The Israeli Air Force’s (IAF’s) two operational Arrow anti-ballistic missiles interceptor batteries will soon be equipped with improved missiles.
The improved missiles have a new block of software and some more highly classified upgrades. These changes are a result of the many simulations performed by the IAF’s Arrow unit.
The simulations, using the built-in capability of the batteries, is complemented by one of the main Israeli national simulators built to allow the simulation of any scenario.
Now to the upgrades. The detection and fire control capabilities of the Arrow-2 batteries will be upgraded further by connecting them to the Elta “Super Green Pine” radar.
This radar, according to the IAF, will give the Arrow-2 operators an “improved picture of the skies”. And the “skies” in this context mean space far, very far, from Israel.
However, this is only part of the effort that has gained momentum in recent years in parallel with the accelerated development of Iran’s long-range ballistic missiles.

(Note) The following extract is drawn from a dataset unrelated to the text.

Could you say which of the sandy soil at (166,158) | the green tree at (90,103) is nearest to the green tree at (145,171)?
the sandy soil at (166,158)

Israel Aerospace Industries (IAI), the Arrow’s developer and manufacturer, is currently developing the Arrow-3, a totally different interceptor that is designed for kinetic kills of ballistic missiles armed with unconventional warheads.

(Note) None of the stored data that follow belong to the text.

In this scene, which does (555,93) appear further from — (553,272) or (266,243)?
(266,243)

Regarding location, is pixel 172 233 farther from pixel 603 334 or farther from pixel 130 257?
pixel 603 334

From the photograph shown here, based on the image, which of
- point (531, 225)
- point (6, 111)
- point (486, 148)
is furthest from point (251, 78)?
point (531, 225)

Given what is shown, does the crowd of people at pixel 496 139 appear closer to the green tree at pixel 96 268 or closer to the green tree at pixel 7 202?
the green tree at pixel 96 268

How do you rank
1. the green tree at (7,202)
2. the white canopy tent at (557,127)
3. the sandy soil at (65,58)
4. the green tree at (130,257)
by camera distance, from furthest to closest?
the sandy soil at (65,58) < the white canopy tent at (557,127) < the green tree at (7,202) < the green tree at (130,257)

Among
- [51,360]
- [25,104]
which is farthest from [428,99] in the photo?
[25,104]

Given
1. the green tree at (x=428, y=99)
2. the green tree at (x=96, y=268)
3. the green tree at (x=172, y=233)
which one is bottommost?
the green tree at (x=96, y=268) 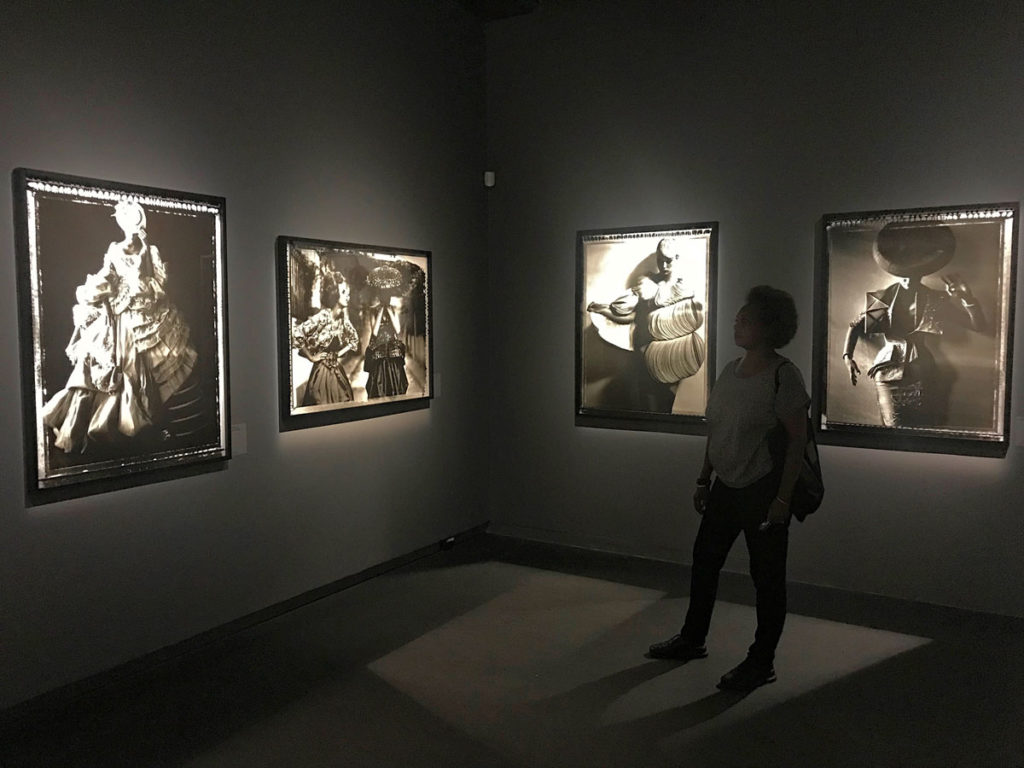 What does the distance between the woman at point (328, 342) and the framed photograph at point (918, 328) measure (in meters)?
2.94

The improved Arrow-2, and later the Arrow-3, will be the upper layers of a multi-layered system aimed at protecting Israel from rockets and missiles.
The Rafael Iron Dome is the lowest layer, the “David’s Sling” developed by Rafael and Raytheon will constitute the second layer, and the two versions of the Arrow will top that system.
There are more and more signs that there is a growing interest in the Israeli multi-layered system, and that this may result in some export deals.
South Korea is facing a problem, Japan is facing one, and other countries may also feel threatened.